Lines from the listing below that contain the string "Brand" are to be reported.

- [PROVIDED RECORDS]:

══════════

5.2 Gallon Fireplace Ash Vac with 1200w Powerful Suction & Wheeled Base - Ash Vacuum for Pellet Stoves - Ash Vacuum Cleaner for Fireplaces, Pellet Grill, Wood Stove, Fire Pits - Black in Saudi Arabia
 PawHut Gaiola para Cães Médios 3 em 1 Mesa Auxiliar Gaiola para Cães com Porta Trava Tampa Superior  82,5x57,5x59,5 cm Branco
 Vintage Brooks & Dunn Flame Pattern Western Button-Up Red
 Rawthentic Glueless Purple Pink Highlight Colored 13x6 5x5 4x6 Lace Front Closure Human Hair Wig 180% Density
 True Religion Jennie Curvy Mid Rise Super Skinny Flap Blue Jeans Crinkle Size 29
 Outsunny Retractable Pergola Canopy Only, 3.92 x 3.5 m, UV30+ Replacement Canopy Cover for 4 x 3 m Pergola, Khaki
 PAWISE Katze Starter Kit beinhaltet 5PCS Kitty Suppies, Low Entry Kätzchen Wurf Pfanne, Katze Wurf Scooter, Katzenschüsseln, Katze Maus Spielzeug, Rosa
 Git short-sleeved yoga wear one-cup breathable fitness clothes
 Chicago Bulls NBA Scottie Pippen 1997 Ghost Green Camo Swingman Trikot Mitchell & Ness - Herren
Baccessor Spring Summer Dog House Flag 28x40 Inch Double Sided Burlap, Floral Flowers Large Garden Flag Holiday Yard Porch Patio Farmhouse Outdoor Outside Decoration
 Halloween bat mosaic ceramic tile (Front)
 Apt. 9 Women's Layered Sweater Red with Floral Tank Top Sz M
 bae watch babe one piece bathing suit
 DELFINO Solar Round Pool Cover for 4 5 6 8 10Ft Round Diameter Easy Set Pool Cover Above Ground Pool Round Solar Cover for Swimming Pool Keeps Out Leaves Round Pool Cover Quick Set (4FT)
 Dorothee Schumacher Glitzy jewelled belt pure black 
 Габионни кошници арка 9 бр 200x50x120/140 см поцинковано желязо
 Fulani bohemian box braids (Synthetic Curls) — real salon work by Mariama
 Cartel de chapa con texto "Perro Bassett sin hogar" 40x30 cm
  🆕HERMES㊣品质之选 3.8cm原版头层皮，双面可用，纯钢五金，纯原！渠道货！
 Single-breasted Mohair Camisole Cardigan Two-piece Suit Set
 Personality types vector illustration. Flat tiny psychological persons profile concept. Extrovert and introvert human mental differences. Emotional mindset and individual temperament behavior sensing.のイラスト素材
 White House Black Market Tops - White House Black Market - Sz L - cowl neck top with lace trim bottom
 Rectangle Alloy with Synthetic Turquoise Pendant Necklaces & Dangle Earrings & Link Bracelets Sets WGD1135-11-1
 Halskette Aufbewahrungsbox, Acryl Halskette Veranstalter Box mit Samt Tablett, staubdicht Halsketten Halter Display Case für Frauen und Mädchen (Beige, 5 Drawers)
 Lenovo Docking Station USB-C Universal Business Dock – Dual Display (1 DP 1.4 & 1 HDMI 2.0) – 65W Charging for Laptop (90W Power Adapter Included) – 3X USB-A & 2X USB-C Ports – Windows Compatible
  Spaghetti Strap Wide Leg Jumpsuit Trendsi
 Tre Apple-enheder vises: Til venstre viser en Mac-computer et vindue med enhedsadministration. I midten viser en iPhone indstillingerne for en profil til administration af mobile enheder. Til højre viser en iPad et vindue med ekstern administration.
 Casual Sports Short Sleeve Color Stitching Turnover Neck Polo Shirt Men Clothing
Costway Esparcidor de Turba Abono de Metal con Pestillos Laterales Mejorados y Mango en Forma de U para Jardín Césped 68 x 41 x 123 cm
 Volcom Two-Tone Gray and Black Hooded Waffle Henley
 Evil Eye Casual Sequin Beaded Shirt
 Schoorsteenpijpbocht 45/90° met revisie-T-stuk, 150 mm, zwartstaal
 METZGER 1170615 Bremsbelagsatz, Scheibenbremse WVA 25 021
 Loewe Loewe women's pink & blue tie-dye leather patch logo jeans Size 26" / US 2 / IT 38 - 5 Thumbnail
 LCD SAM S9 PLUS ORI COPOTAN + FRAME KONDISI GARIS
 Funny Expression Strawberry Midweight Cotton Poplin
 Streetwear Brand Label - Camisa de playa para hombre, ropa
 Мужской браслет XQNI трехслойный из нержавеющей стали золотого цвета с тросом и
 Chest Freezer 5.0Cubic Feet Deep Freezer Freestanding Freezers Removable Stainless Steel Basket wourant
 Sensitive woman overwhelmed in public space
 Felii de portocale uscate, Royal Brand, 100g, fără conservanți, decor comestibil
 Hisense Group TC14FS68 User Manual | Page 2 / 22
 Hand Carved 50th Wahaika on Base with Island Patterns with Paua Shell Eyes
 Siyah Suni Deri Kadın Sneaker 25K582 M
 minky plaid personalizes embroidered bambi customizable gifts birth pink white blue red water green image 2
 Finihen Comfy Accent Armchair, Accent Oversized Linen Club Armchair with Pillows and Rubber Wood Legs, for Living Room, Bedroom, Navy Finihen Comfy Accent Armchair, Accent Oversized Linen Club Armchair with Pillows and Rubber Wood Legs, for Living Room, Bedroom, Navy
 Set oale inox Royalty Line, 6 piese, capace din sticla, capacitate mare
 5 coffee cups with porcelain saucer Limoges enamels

══════════

- [EXPECTED ANSWER]:
 Streetwear Brand Label - Camisa de playa para hombre, ropa
 Felii de portocale uscate, Royal Brand, 100g, fără conservanți, decor comestibil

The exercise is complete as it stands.